Proposed US Bill May Impose Rs. 5,000 Tax on Every Rs. 1 Lakh Sent to India by NRIs

Proposed US bill may levy 5% tax on NRIs' money sent to India, impacting remittances, families, and economy from July 2025.

New US Remittance Tax

Anisha Kumari | May 19, 2025 |

Proposed US Bill May Impose Rs. 5,000 Tax on Every Rs. 1 Lakh Sent to India by NRIs

Proposed US Bill May Impose Rs. 5,000 Tax on Every Rs. 1 Lakh Sent to India by NRIs

A pending bill in America, the “Big Beautiful Bill”, is troubling Non-Resident Indians (NRIs), especially those who are remitting money to India. The draft bill, supported by the Republican party, proposes to levy a 5% duty on all foreign remittances sent by foreign nationals. If the bill is enacted, it is likely to be operational from July 4, 2025, and sending money to support families in India will be much more costly for NRIs.
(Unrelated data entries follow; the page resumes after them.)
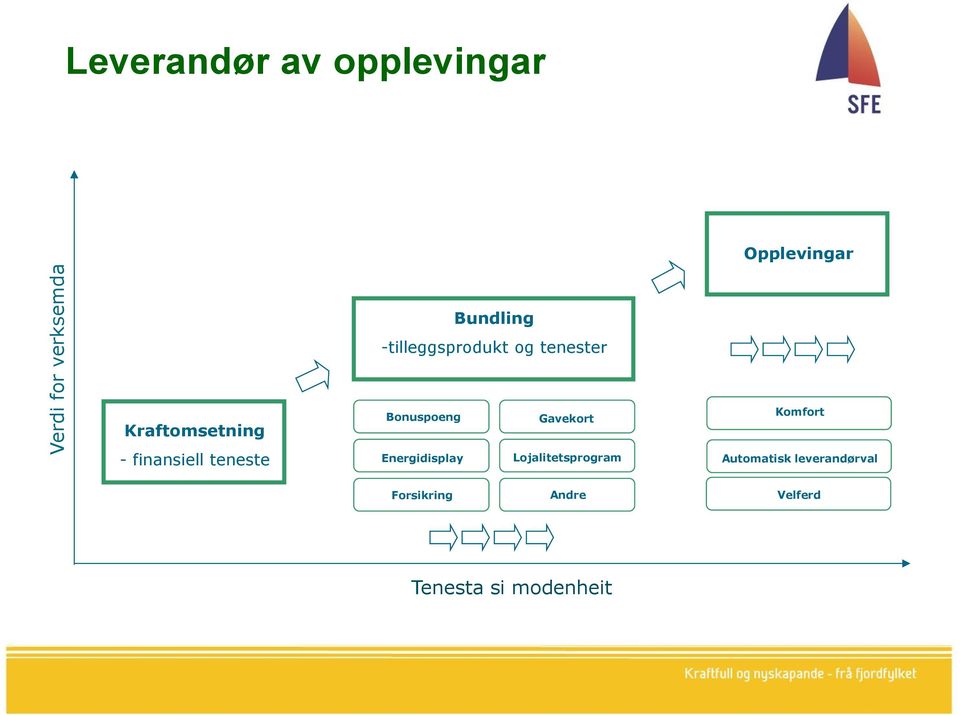 Gavekort Komfort - finansiell teneste Energidisplay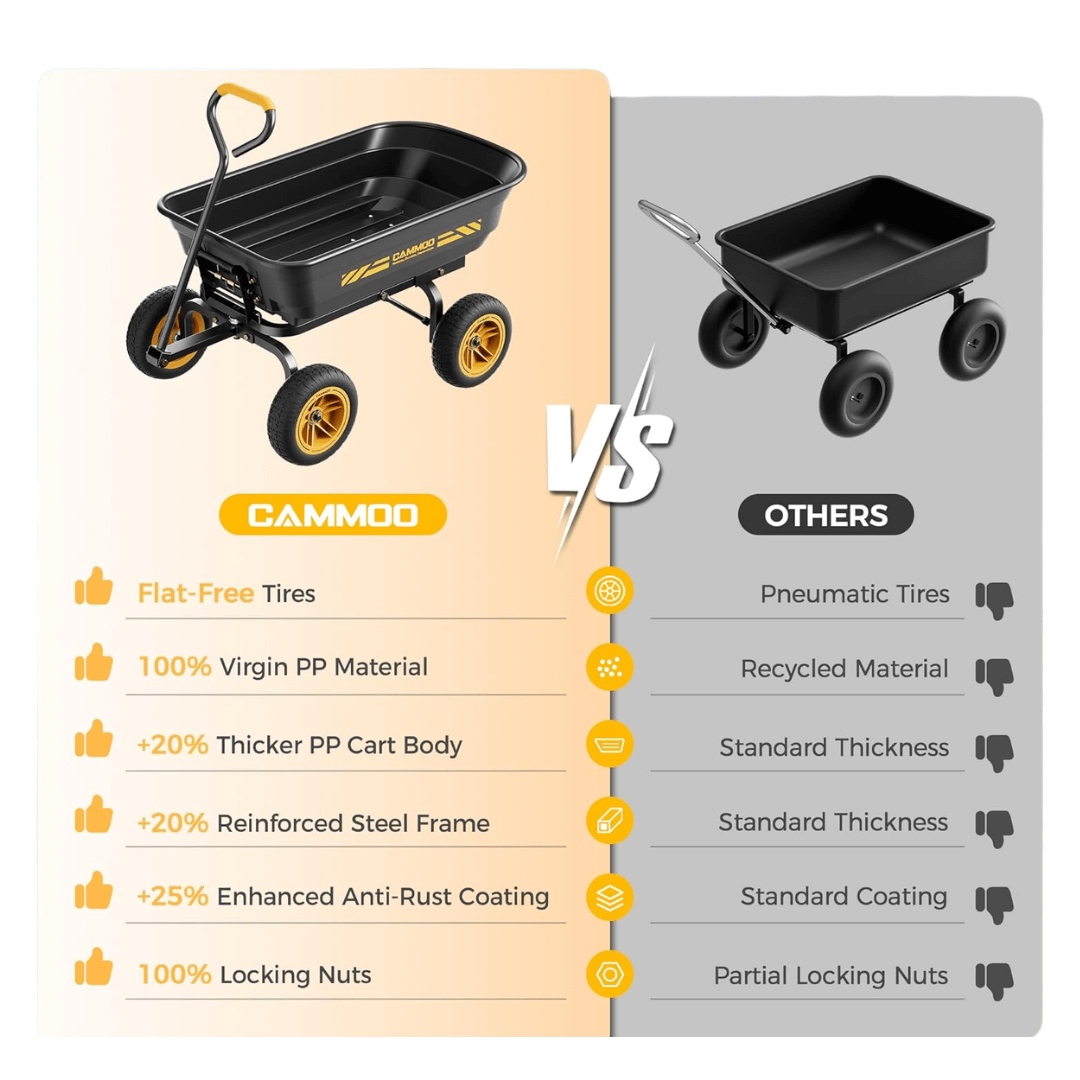 600lb Heavy-Duty Garden Dump Cart – 10” No-Flat Tires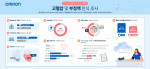 고혈압·부정맥 인식 부족, '오므론 컴플리트' 1주년 조사로 드러난 현주소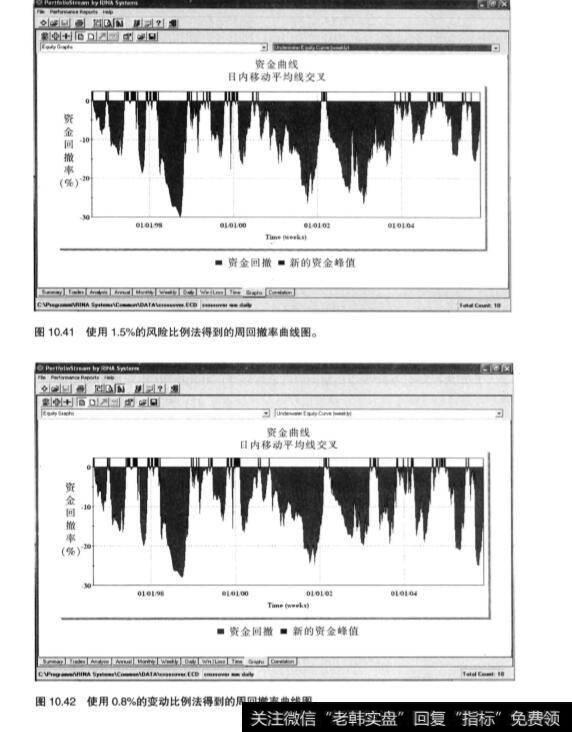 股票投之中有几种周回撤率曲线？有什么不同？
A remittance of $1,160 (about Rs. 1 lakh) could be liable for a tax of Rs. 5,000 under the new rule. The tax sum would be accumulated by remittance service providers like Western Union, MoneyGram, or banks and handed over to the US government quarterly.

Table of Content
  1. Who Will Be Affected
  2. India May Suffer Significant Blow
  3. Changes for NRIs
  4. Effect on Indian Families and Economy
  5. Apprehensions Regarding Justice

Who Will Be Affected

This suggested tax would be on people in the US on visas such as H-1B, F-1, or J-1, green card holders, and illegal immigrants. The tax also applies if the remittance is received through a provider not officially approved by the US Treasury.

Only ascertained US nationals or citizens would be exempt and even so, only if they utilize a “qualified” remittance provider that can verify their citizenship. If an unwitting US citizen is taxed, a legitimate Social Security Number (SSN) would be necessary to qualify for a refund when filing their tax returns.

Industry analysts equated the new US proposal to India’s own Tax Collected at Source (TCS) guidelines under the Liberalized Remittance Scheme (LRS), observing that this US proposal might operate in the same way as an advance tax remitted by the remitter, with credit subsequently allowed on SSN basis.

India May Suffer Significant Blow

India, which was the recipient of remittances valued at $125 billion in 2023, is the global leader in foreign remittance receipts. Approximately 28% of these came from the US. With close to 4.5 million Indians living in the US of which around 3.2 million are Indians of origin India has much to lose due to any increase in tax on outward remittances sent from the US.

This extra cost on remittances would decrease inflows to India, thus affecting foreign exchange reserves and potentially putting pressure on the Indian rupee. These funds are usually critical to enable families to cover education, healthcare, and real estate investments in Indian cities like Mumbai, Hyderabad, and Kochi.

Experts pointed out that although the tax may look like a minor surcharge, its effects are broad, especially regarding trust, financial support flow, and long-term planning for NRIs.

Changes for NRIs

The bill, if passed, would result in various changes for Indian immigrants in the US:

  • All remittances to India would be charged 5% additional
  • The list of eligible remittance service providers may decrease
  • US citizens would have to confirm provider status to prevent being taxed
  • Larger planned remittances may be best sent before July 2025
  • Transaction documentation will become key to tax and legal considerations

For persons who plan to return to India, this tax may seem to work out to 5% less for each dollar remitted back home. Remittance behavior change and sound financial planning may become a necessity.

Effect on Indian Families and Economy

The new tax might have a drastic effect on Indian families, particularly in tier-II and tier-III cities, where the remittances help meet fundamental requirements such as education, healthcare, rent, and loan EMIs. The effects might also trickle down to industries like real estate, banking, and retail, which highly value the contributions of NRIs.

Remittances are viewed neither as speculative or profit-oriented exchanges but as extremely intimate financial obligations that enable families and communities to endure over generations.

Apprehensions Regarding Justice

Opponents of the pending bill claim it discriminately punishes immigrants and the poor for sending earnings to their relatives. In contrast to other types of income or capital gain taxes, this pending tax would levy money already taxed both federally and at the state level in America.

The fact that it does not confer a direct service or benefit in return makes this tax seem solely extractive. It is viewed by opponents as sending the wrong message to immigrant communities and devaluing cross-border economic responsibility.

While the bill remains open for debate and needs to clear both chambers of Congress to become law, its potential to upset the financial ecosystem for NRIs and their families is already being hotly debated.